For our first edition of Just Desserts, we decided on a battle between the chess pies of culinary giants Lee Bailey and the late James Beard. We tested pies from both gentlemen. We share our results and a recipe for a hybrid pie.

So what exactly is a chess pie? Interestingly, we were hard put to find a definitive recipe. Evidently, there's little agreement on what a chess pie actually is. Some recipes, like James Beard's, are very lemony, similar in flavor and texture to a lemon bar. Some, like Mr. Bailey's version, are more like a buttermilk pie: smooth, mild, and custardy. Still others had varying amounts of pecans or other nuts, which none of us had ever seen in a chess pie. One tempting recipe looked like a cross between a buttermilk pie and a pecan pie (but since we all agreed chess pie is a nut-free phenomenon, we left that one for another day). The only common component we could find was egg yolks, which means chess pie is always a rich affair.

We decided to test the Bailey and Beard versions because both authors are culinary heavyweights, and their two pies were completely different, right down to the crust.

The contenders:

Lee Bailey's Chess Pie (from Lee Bailey's Country Desserts)
A rich, buttermilk-type pie with a graham cracker crust.

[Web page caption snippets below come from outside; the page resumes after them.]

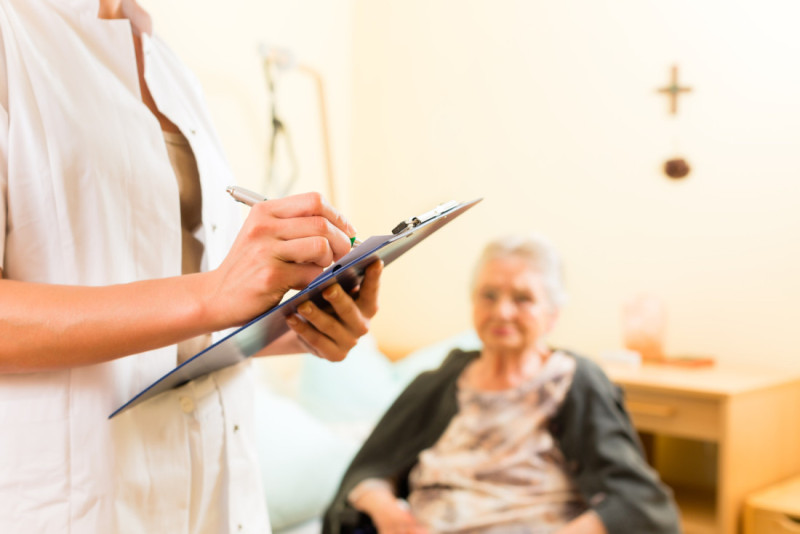 A healthcare professional writes notes on a clipboard while an elderly woman sits in a chair in the background, looking at her. Soft lighting creates a warm atmosphere in the room.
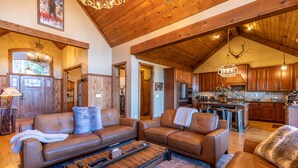 A spacious living room with a large brown leather sofa, a wooden coffee table, and a kitchen area with wooden cabinets and a hanging light fixture. - Buckhorn Lodge - Spacious Luxury Home Near Sugar Mountain Resort, Pool Table, Hot Tub, Views (Sugar Mountain)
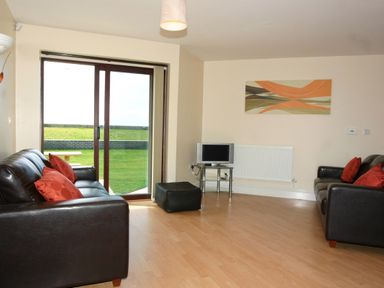 A living room with two black sofas and red cushions a slipcovered ottoman a TV on a stand a glass door leading outside and an abstract painting on the wall at Sea Shore in Marazion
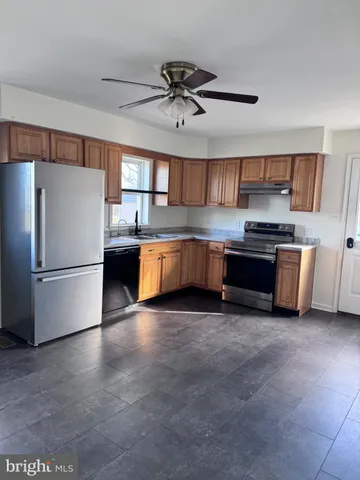 a kitchen with stainless steel appliances granite countertop a refrigerator sink and stove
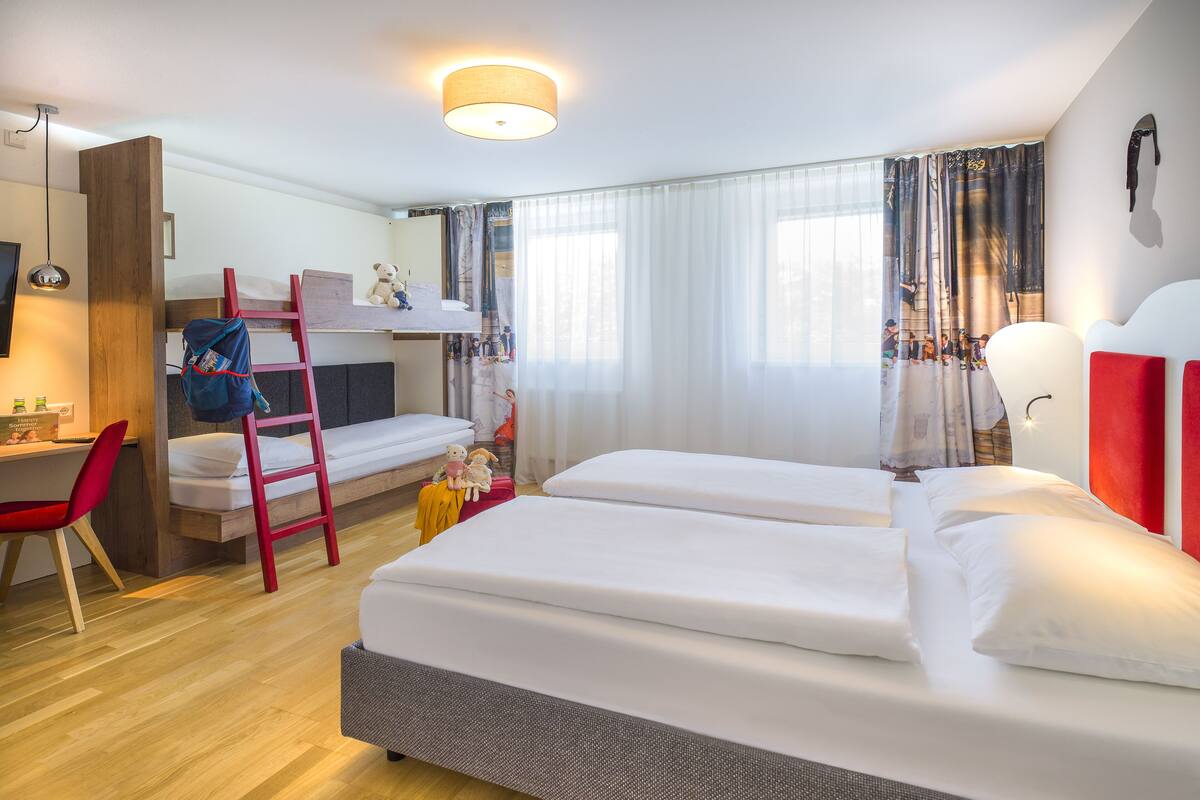 Une chambre d’hôtel avec un lit superposé, un bureau avec une chaise, une chaise rouge, une lampe et une grande fenêtre avec des rideaux.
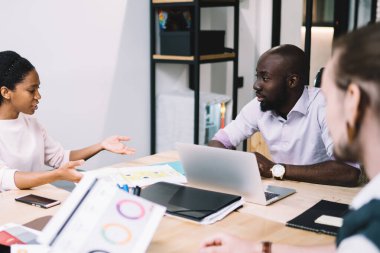 Gündüz vakti iyi aydınlatılmış brifing ofisinde iş stratejisi tartışmasına katılan çok ırklı genç meslektaşlardan oluşan bir ekip.
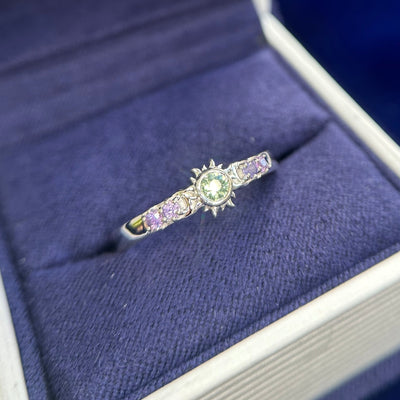 14k White Gold Bezel-set Light Green Sapphire with Small Purple Sapphires on Custom Sun and Moon Ring, Size 7.5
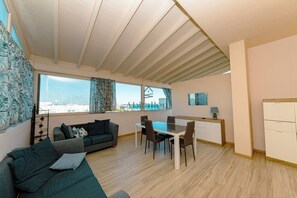 En moderne stue med sofa, spisebord og stole, et køkkenområde med bordplade og skabe, samt store vinduer med gardiner.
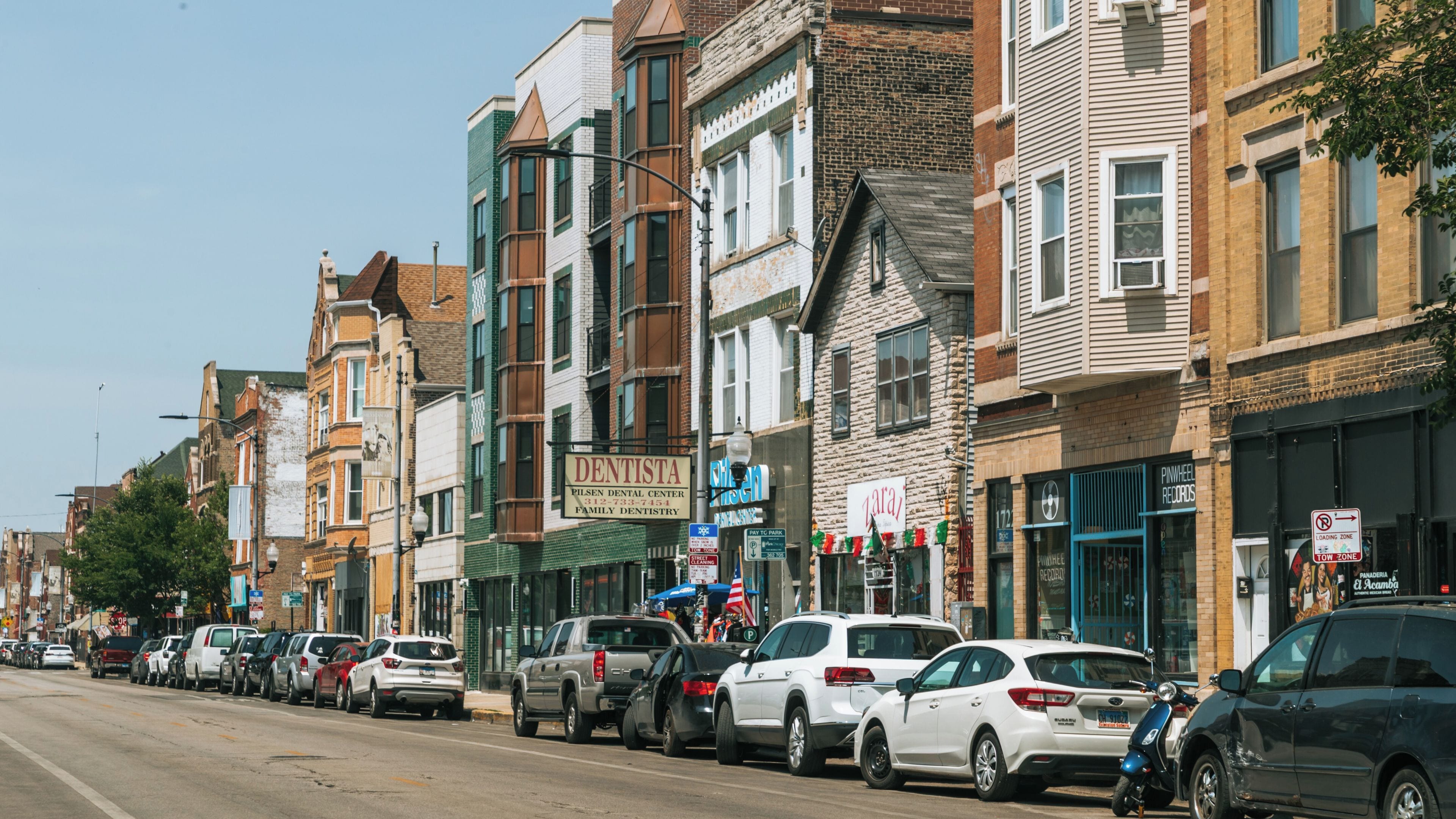 A street lined with multi-story buildings, parked cars, and a clear blue sky.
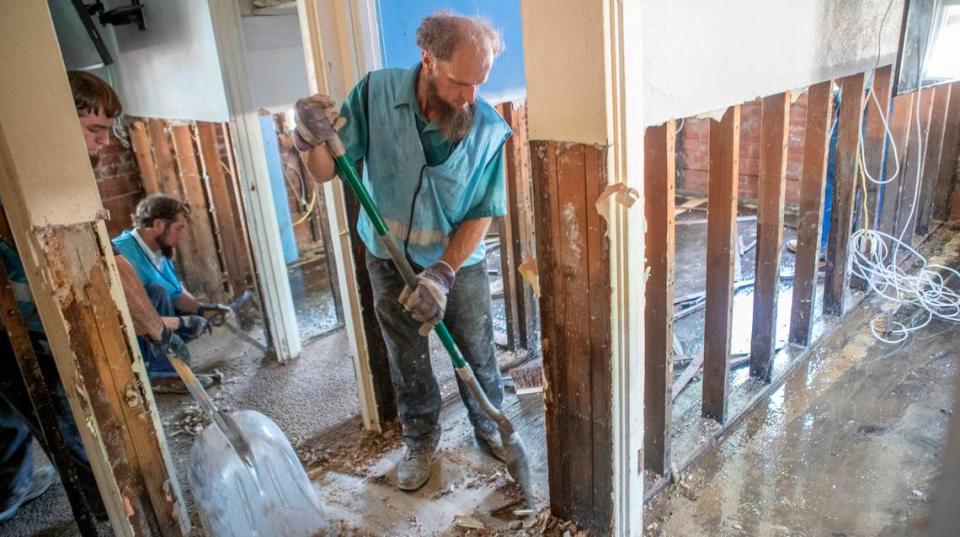 Volunteers with Christian Aid Ministries rapid response team remove damaged drywall, carpet, flooring and other items from flooded homes in the Terrace Dr. and Mary Ave. neighborhood in East St. Louis. The organization had about 20 volunteers from Ava and Arthur, Illinois regions.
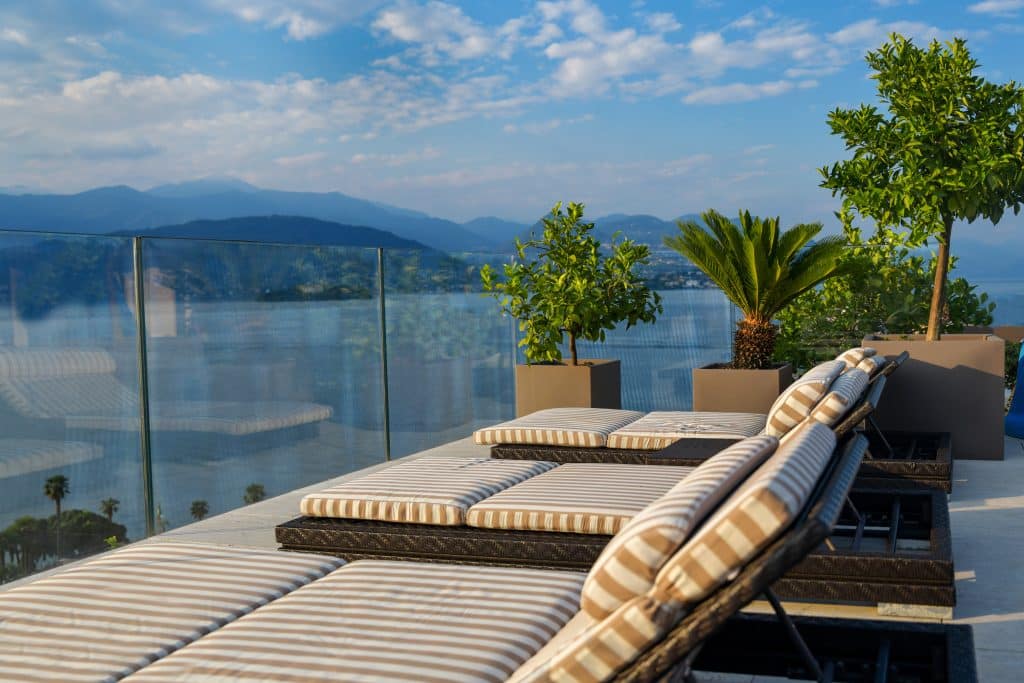 Imagem de um terraço elegante com espreguiçadeiras de listras em um ambiente ao ar livre. Ao fundo, há uma vista deslumbrante das montanhas e da água. Plantas decoram o espaço, incluindo um palmeira e árvores em grandes vasos. O vidro que cerca o local oferece uma vista panorâmica, criando um ambiente tranquilo e sofisticado. O cenário transmite um clima relaxante e convidativo.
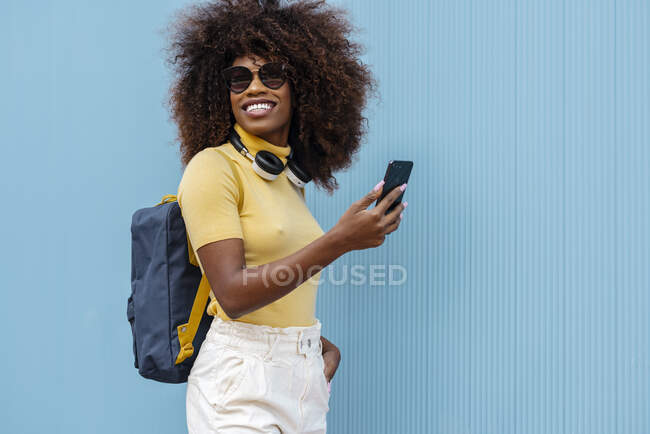 Glad ethnic female with Afro hairstyle and headphones taking self portrait on cellphone on blue background — Stock Photo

James Beard's Chess Pie (from the June 1963 issue of House & Garden, via Epicurious.com)
A super-sweet, ultra-lemony pie with a traditional pastry crust.

The result:

Son of Chess: the Beard-Bailey Chess Pie Hybrid
In the end, we loved elements of both pies, so we combined the Bailey pie's texture and volume with the Beard pie's pastry crust and lemony zing.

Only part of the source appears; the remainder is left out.